Wednesday, February 8, 2012

#13: Breakout From Oppression

Drive In Movie Classics
Disc 4: Side A

Breakout From Oppression, a re-titled edit of the 1984 Taiwanese film Exposed To Danger, opens on Fonda Chiu, hair blowing in the wind as she gazes contemplatively off the bow of a ferry. “Fonda Chiu is found guilty,” we hear a disembodied voice from the past say. “I convict her of murder. She is to be sentenced to twelve years in prison.” As the credits roll, Fonda (played by actress Luk Siu-Fan, but credited here as Fonda Lynn) flashes back to her time in prison: We see her being dragged to her cell by a group of guards, then being threatened and abused by her cellmates. She served eight years of her twelve year sentence and she is free now--or at least the funky, upbeat, early 80s synth score would have us believe.

In reality, Fonda Chiu has a hard time adjusting to life on the outside. A job has been procured for her at a newspaper, but her new coworkers are immediately suspicious of her. A shopkeeper accuses her of shoplifting. A hop in the shower brings on a traumatic memory of the time her cellmates stuck a deadly razor in a bar of soap in hopes of killing of her. And the landlord of her new apartment seems unduly interested in her past.

“Tell me,” he says in the stilted manner of poorly dubbed Asian imports. “Where did you come from? Where did you work before? Who is your family?”

“I have no family,” Fonda replies. She is reluctant--not surprisingly--to share anything about her past. No one, not even obligatory love interest Simon (Alan Tam), knows of her life as a convict. Or--cue ominous music--do they? Strange things begin happening to Fonda: A mysterious figure is seen prowling outside her apartment. The break-line on her bicycle is cut, leading to a painful crash on the nearby beach. A bar of soap--more of that treacherous Irish Spring--comes sliding across the floor out of nowhere and knocks Fonda off a ladder. A monkey jumps into her window and howls at her. Okay, not all of it makes sense. But clearly, someone has it in for Fonda.

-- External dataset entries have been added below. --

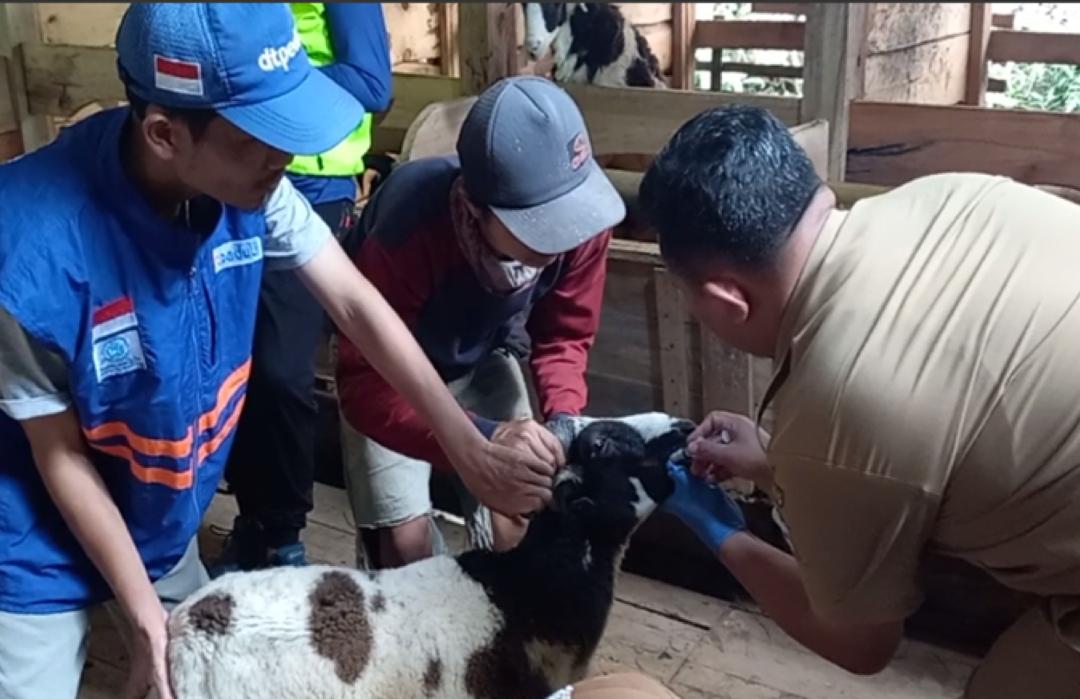 DT Peduli Garut Sinergi dengan Dinas Peternakan, Wujudkan Peternak Sejahtera dan Qurban Berkualitas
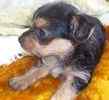 Chorkie puppies for sale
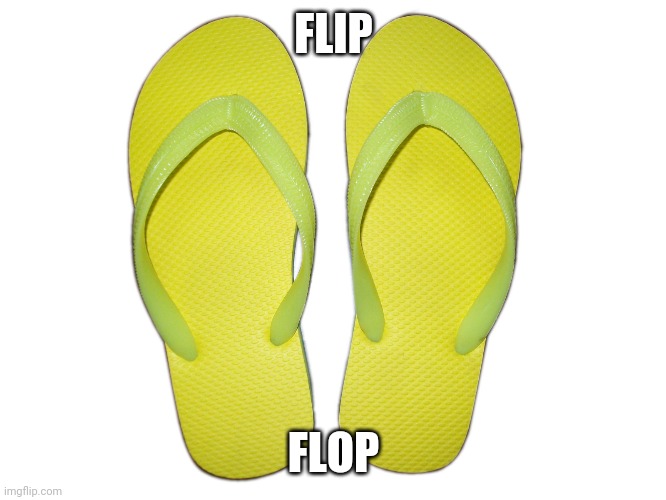 Flip Flops | FLIP FLOP | image tagged in flip flops | made w/ Imgflip meme maker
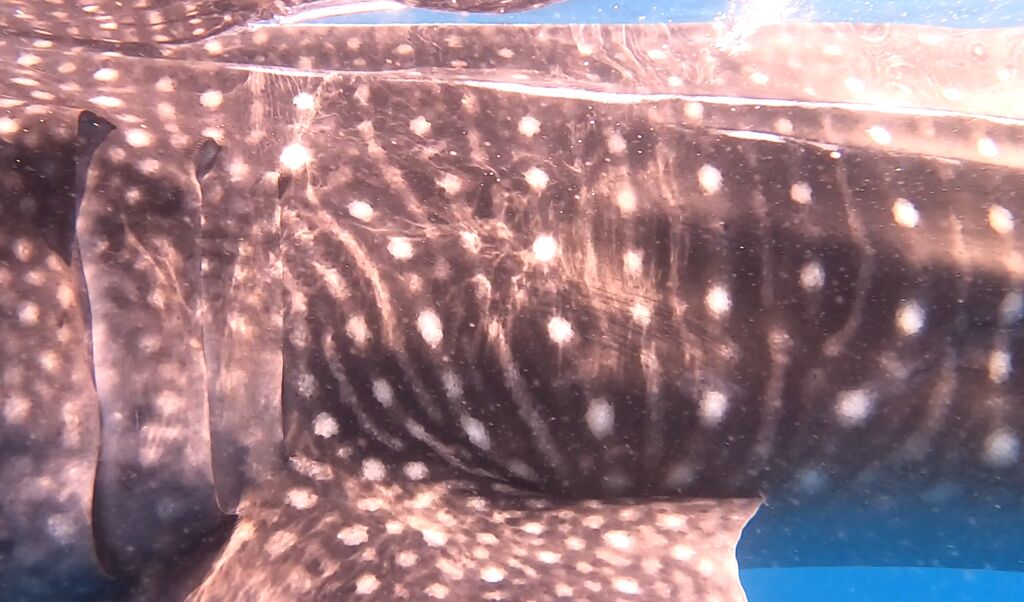 765a3516-9c24-441c-8511-77024b1a2e7f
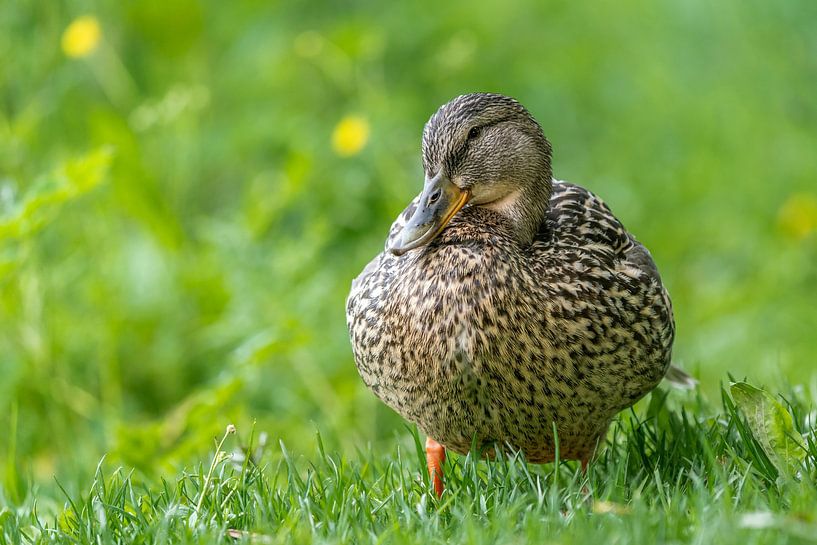 Entenlady von Uwe Ulrich Grün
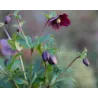 Helleborus orientalis THE VIV COLLECTION VANESSA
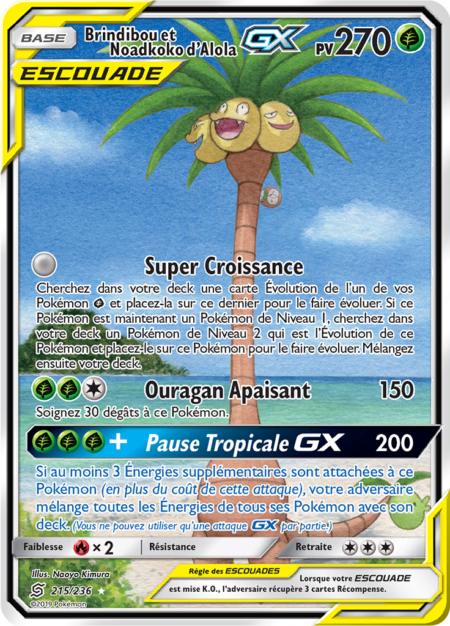 Brindibou et Noadkoko d'Alola 215/236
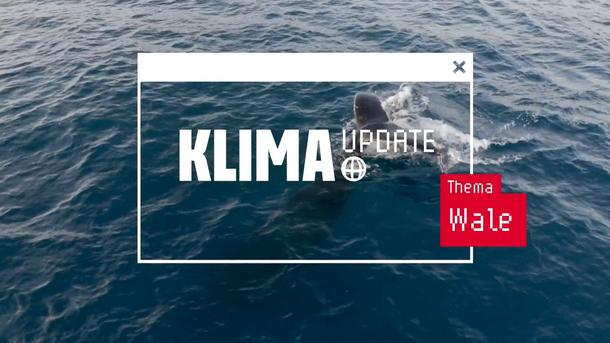 Warum Wale so gut für das Klima sind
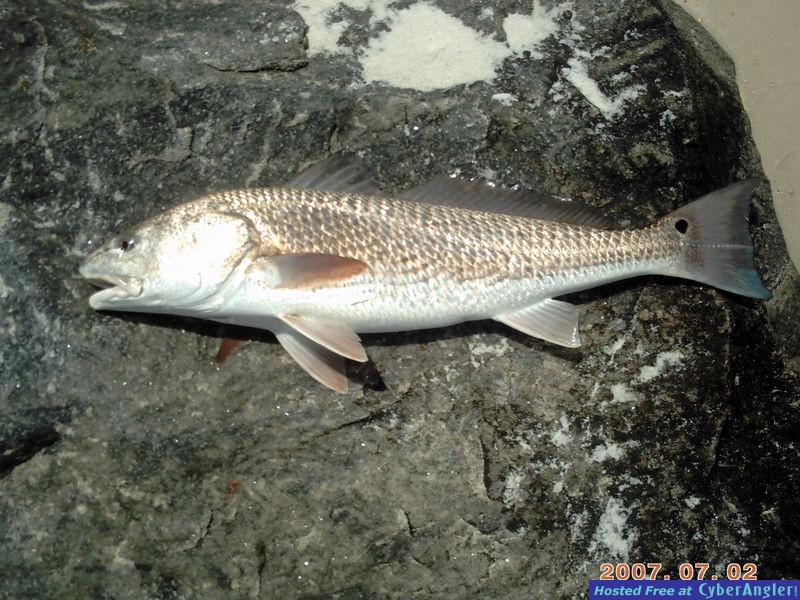 27 inch redfish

Enter Sheena (Lona Chang), one of her coworkers at the paper. “You make me feel bad,” Sheena tells Fonda. She knows about Fonda’s past and--cue ominous music again--her father was murdered eight years ago. Clearly, she’s still on the revenge step of the grieving process. Not only that, but she lives in a big house with a mute, wheelchair bound grandmother she torments at every opportunity and a man chained to a post in the basement.

We see her eyes, filled with fury. Then, when Simon stops by her house, we see the fury melt away. She, too, is in love with Simon and she brings him up to her bedroom, which is cluttered with stuffed animals and pictures of Raggedy Anne and Andy. It’s the room of a little girl--a perfectly preserved artifact of Sheena’s past. Excitedly, she tells Simon she’s been dreaming of the day she would get to show him her room. Understandably freaked-out, Simon makes to go.

“I need you!” Sheena shrieks, clinging to his leg. Later, alone, Sheena is seen rocking in a chair, twisting the head off one of her dolls. “Simon,” she mutters to herself. “Why did you leave?” Later, she lures him back to her house, knocks him over the head and chains him up in the basement. It’s a great, unhinged performance in an otherwise by-the-numbers thriller.

The twists are predictable. We learn that Fonda was having an affair eight years ago with Steven, a married man. An argument ensued one night and Steven stormed out. Fonda went after him and found his body with a knife in it. She was blamed for the murder. Steven, naturally enough, was Sheena’s father. At the end of the film, Sheena and Fonda duke it out on the beach in a climax lifted from Friday the 13th, complete with gruesome beheading. And yet if you get past the genre conventions and the strange, dubbed, vaguely-Australian accent Sheena is saddled with, there‘s still that performance by Lona Chang. It’s bold and unique--a minor revelation by fifty-pack standards.